* **Material provided**

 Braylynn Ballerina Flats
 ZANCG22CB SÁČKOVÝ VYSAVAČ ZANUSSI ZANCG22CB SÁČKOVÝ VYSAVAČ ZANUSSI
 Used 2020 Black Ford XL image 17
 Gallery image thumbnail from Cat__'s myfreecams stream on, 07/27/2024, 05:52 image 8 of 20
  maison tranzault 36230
---
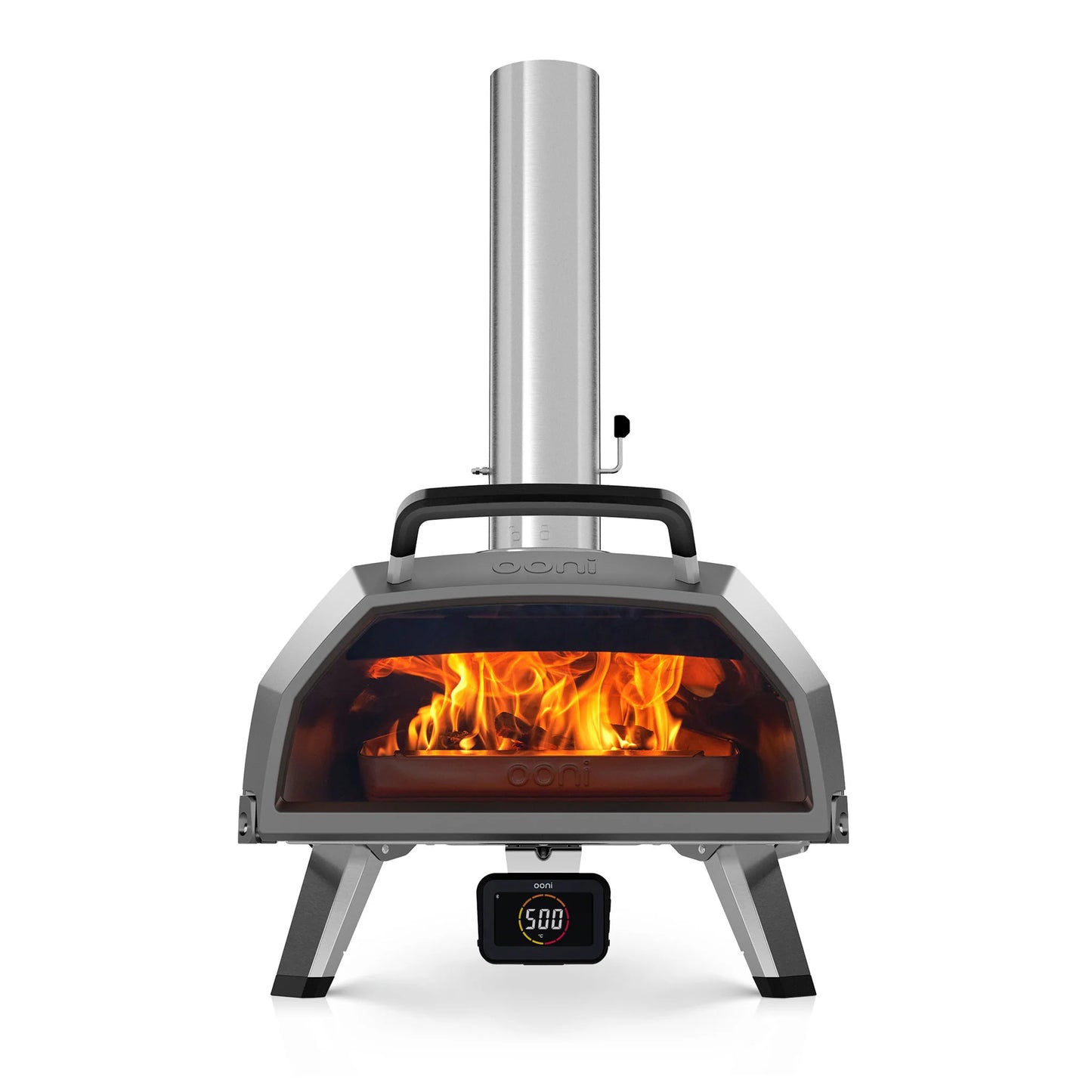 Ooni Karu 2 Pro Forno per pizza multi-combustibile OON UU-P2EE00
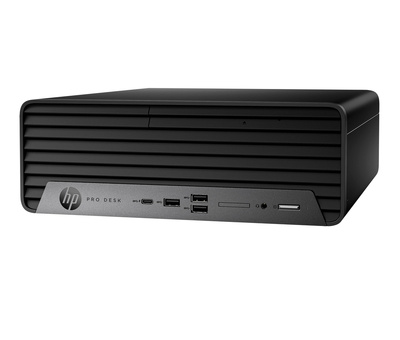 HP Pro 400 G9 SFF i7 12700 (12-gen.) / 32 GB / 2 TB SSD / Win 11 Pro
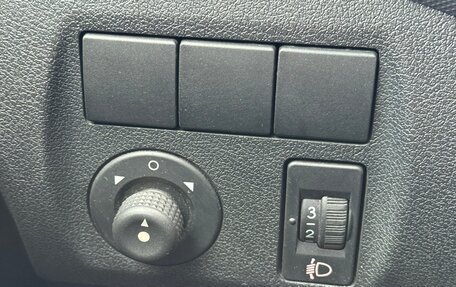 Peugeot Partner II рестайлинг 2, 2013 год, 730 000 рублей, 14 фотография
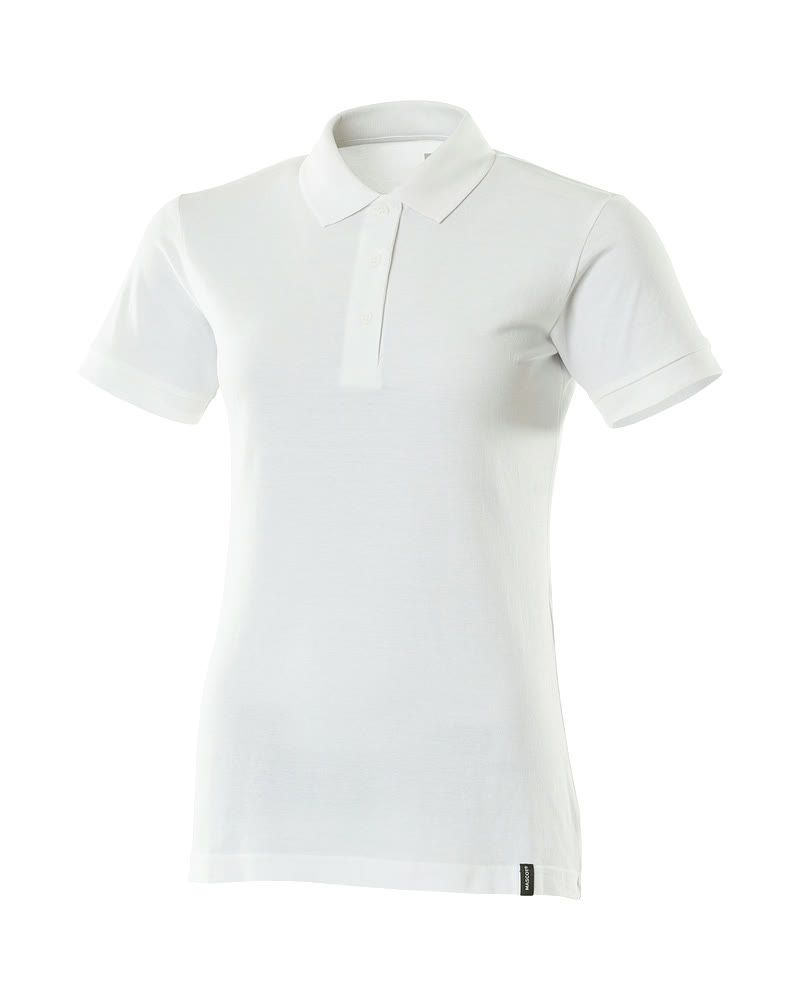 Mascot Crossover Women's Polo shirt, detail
* * *
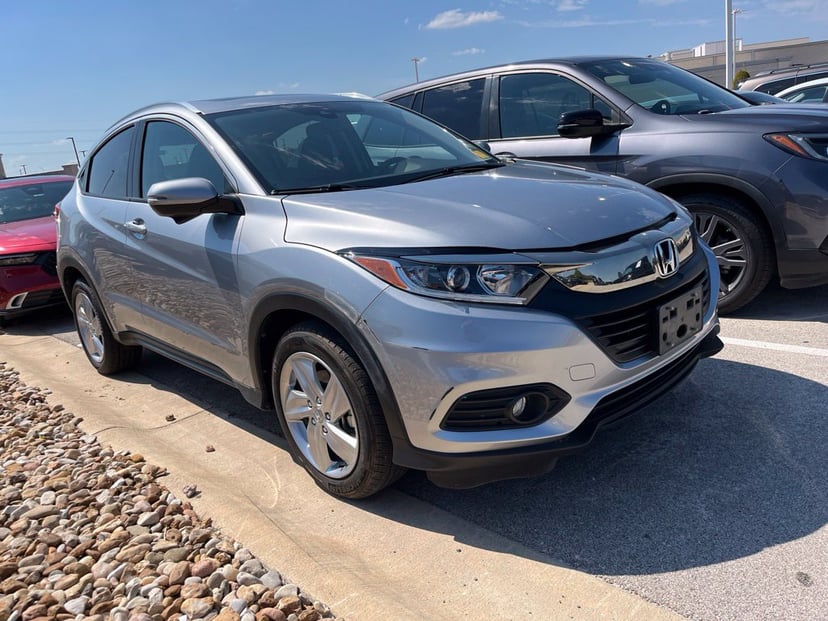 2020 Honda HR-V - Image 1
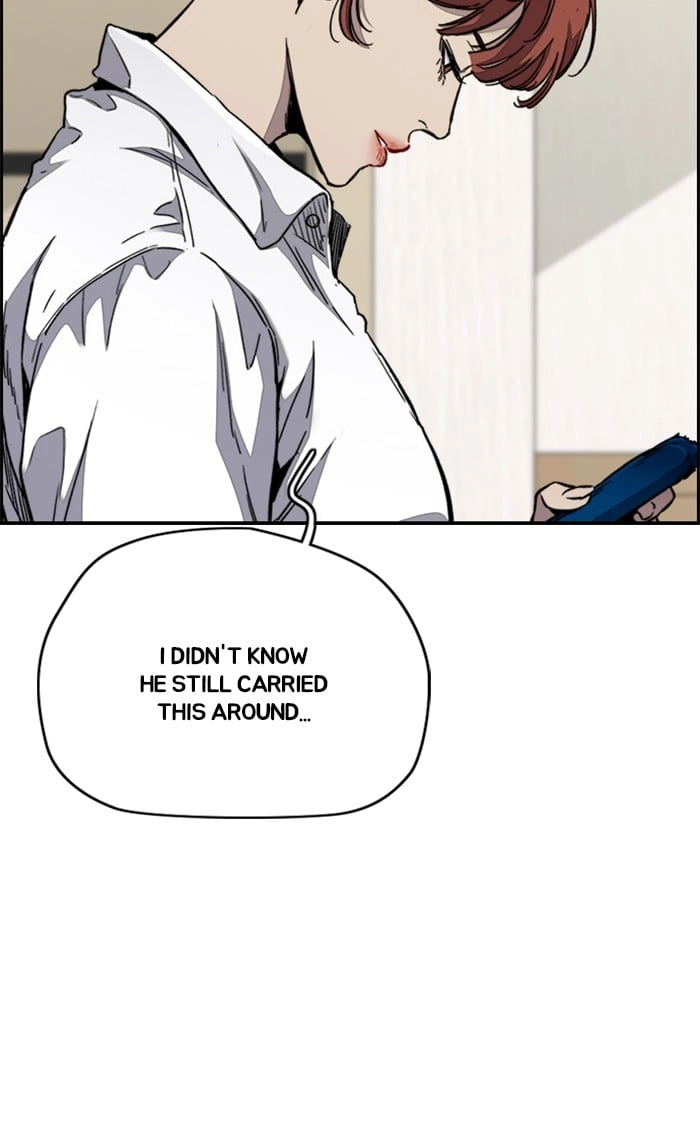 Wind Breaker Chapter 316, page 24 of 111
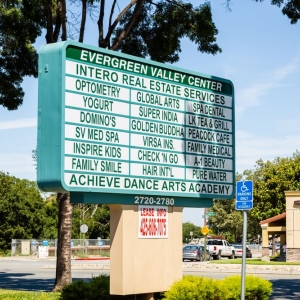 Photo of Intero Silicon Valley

* **Activity**
Reproduce, exactly as they stand in the data above, the lines from the one that holds "Braylynn Ballerina Flats" to the one that holds "maison tranzault 36230", inclusive.

* **Task output**
 Braylynn Ballerina Flats
 ZANCG22CB SÁČKOVÝ VYSAVAČ ZANUSSI ZANCG22CB SÁČKOVÝ VYSAVAČ ZANUSSI
 Used 2020 Black Ford XL image 17
 Gallery image thumbnail from Cat__'s myfreecams stream on, 07/27/2024, 05:52 image 8 of 20
  maison tranzault 36230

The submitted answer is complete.